The end of Haftar could revive Skhirate agreement on a political solution to the crisis in Libya, said Jomaa Al Qamati, personal envoy of the Head of Govt of National Accord, recognized by the international community.
“Skhirate agreement is not yet over,” said Al Qamati in an interview with Moroccan daily Akhbar Al youm.
The UN-brokered agreement inked by Libya’s warring factions in the Moroccan coastal town of Skhirat in 2015, is still relevant, he said, adding that the political deal was interrupted by Haftar’s offensive on Tripoli.
“We call on Morocco to help us to activate this agreement,” he said.
As Haftar forces retreat, we are heading in Libya to a second Skhirate agreement that will bring amendments taking into account the recent political and military changes in the field four years after the initial agreement, Al Qamati said.
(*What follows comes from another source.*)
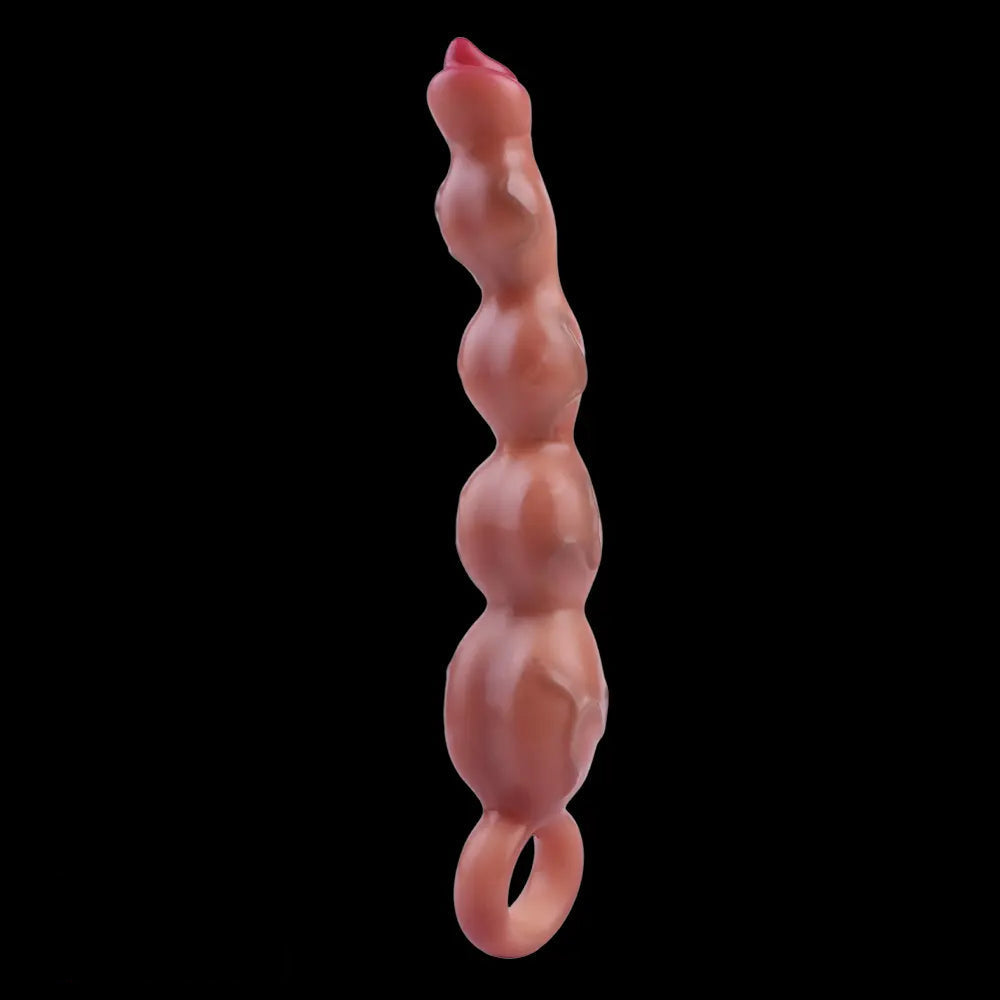 9.8in Big Vibrating Silicone Soft Pulling Beads G Spot Dildo With 3 Motors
“We call on Morocco to employ its good offices with all the parties in Libya and its experience in backing inter-Libyan dialogue in order to help us achieve political stability and safeguard Libya’s unity,” he said.
Over 700 people were killed in the offensive staged by Haftar on the capital Tripoli where the UN-backed government of National Accord is based.
Haftar, who is backed by the UAE and Egypt mainly, endured a setback by the loss of the strategic town of Gharyan in June which was key to the supply of his forces.
Al Qomati also deplored the interference of the UAE and other countries in Libyan domestic affairs.
During a visit to Rabat in April this year, Jomaa al-Qamati had stressed that the Skhirat agreement remains the framework and the basis of any political settlement in Libya.